944 N.W.2d 433
Mich. Ct. App.2019Background:
- Defendant Erick Rosean Allen was a parolee arrested for a new offense while on parole.
- The MDOC did not immediately place a parole detainer; the district court released Allen on personal recognizance to attend a drug program.
- After missed court dates Allen was rearrested and spent 15 days in jail because he could not post bond; he later posted bond, was released, then rearrested and a parole detainer was placed the same day and remained until sentencing.
- MCL 769.11b requires credit against a sentence for time served in jail prior to sentencing "because of being denied or unable to furnish bond" for the offense of conviction.
- The prosecution conceded Allen was entitled to 17 days of jail credit for time before any parole detainer existed but argued time after a detainer is not creditable.
- The concurrence agrees with the majority that People v.
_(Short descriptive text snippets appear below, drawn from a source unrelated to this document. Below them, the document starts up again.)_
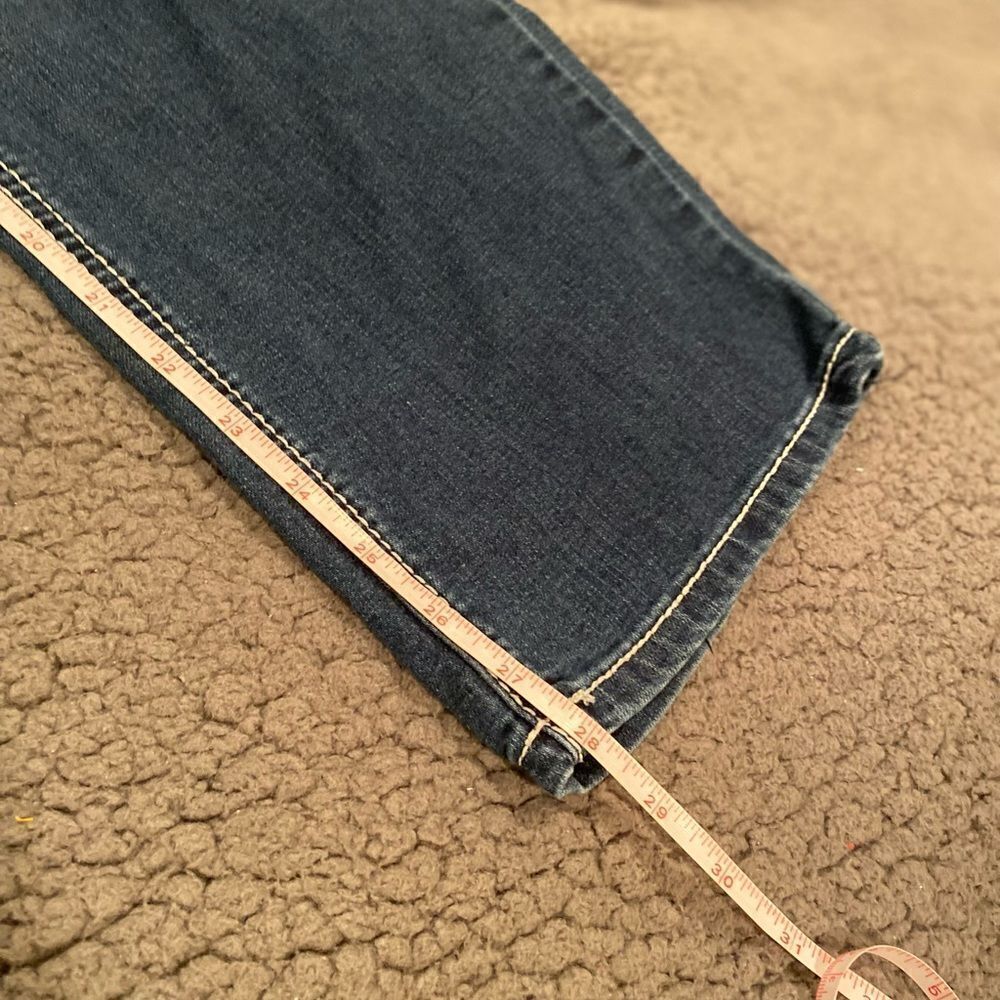 Earl Barely Boot Jeans Size 12 P - Picture 14 of 15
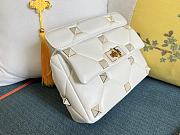 VALENTINO Garavani Stud White bag - 4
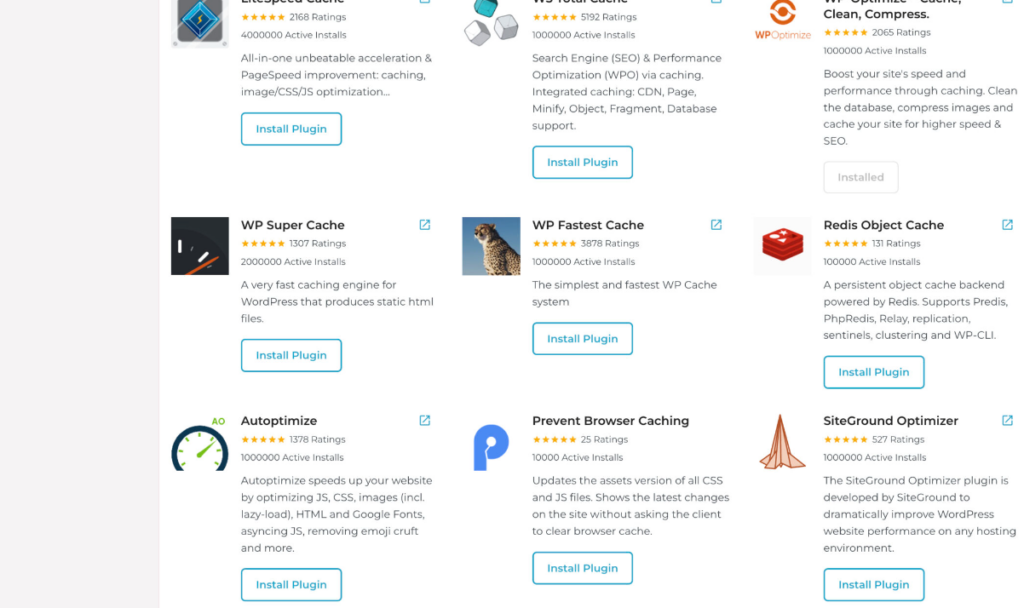 caching-plugins - Seahawk caching-plugins
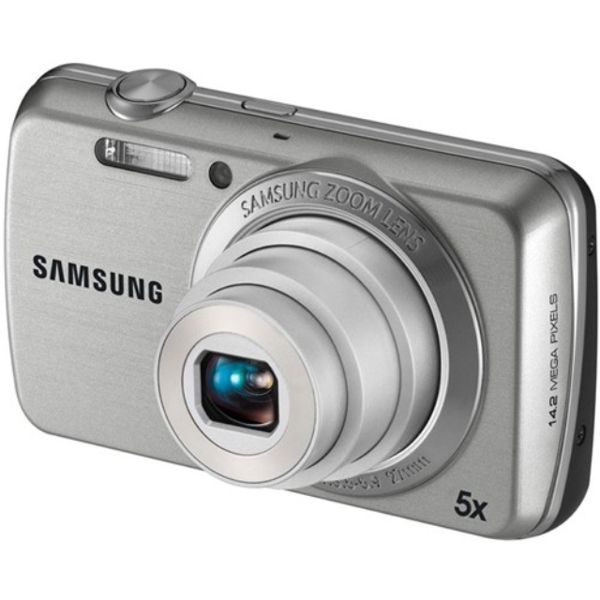 ფოტოაპარატი SAMSUNG  EC-PL20ZZBPSRU  14.2MP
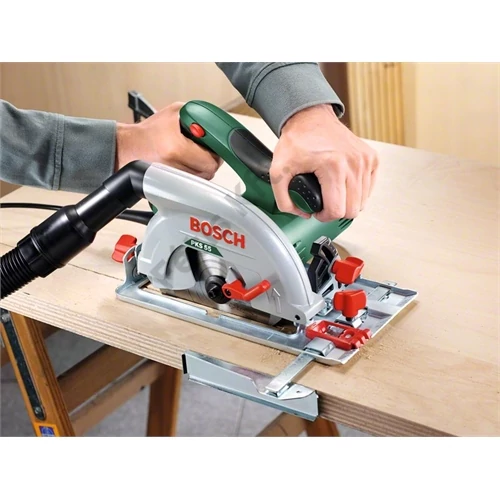 Bosch PKS 55 kézi körfűrész 1200W 160mm T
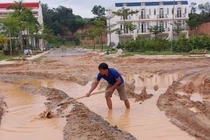 Tiềm ẩn nhiều rủi ro khi để khách hàng vào ở tại Dự án Green Valley City (Kỳ 4)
Idziak precludes applying MCL 769.11b to parolees, but analyzes whether pre-detainer custody is creditable under the statute.
Issues:
| Issue | Plaintiff's Argument | Defendant's Argument | Held |
|---|---|---|---|
| Whether MCL 769.11b applies to parolees generally | People: Parolees are not entitled to credit because they resume serving prior sentence; custody is for parole, not bond | Allen: Entitled to credit for time jailed pre-sentencing because he was denied or unable to furnish bond for the new offense | Court: Idziak controls — MCL 769.11b does not apply to parolees |
| Whether defendant is entitled to jail credit for time jailed solely because he could not post bond before any parole detainer | Prosecution: Conceded 17 days credit for pre-detainer custody only | Allen: Sought credit for all pre-sentencing time, arguing custody was due to inability to post bond | Concurrence: Plain statutory language supports pre-detainer credit; but majority/Idziak bars applying MCL 769.11b to parolees beyond prosecution’s concession |
| Whether timing of MDOC parole detainer affects creditability | Prosecution: Time after a parole detainer is placed is not creditable under MCL 769.11b because custody is for parole return | Allen: Detainer timing should not negate credit for custody attributable to inability to post bond | Held: Custody after a detainer is treated as parole custody (not bond-related) and is not creditable under Idziak; pre-detainer days may be creditable as conceded |
Key Cases Cited
- People v. Idziak, 484 Mich. 549 (2009) (holding the jail-credit statute does not apply to parolees because post-arrest custody resumes the prior sentence)
- People v. Barrera, 278 Mich. App. 730 (2008) (statutory interpretation principle: apply plain and unambiguous statutory language)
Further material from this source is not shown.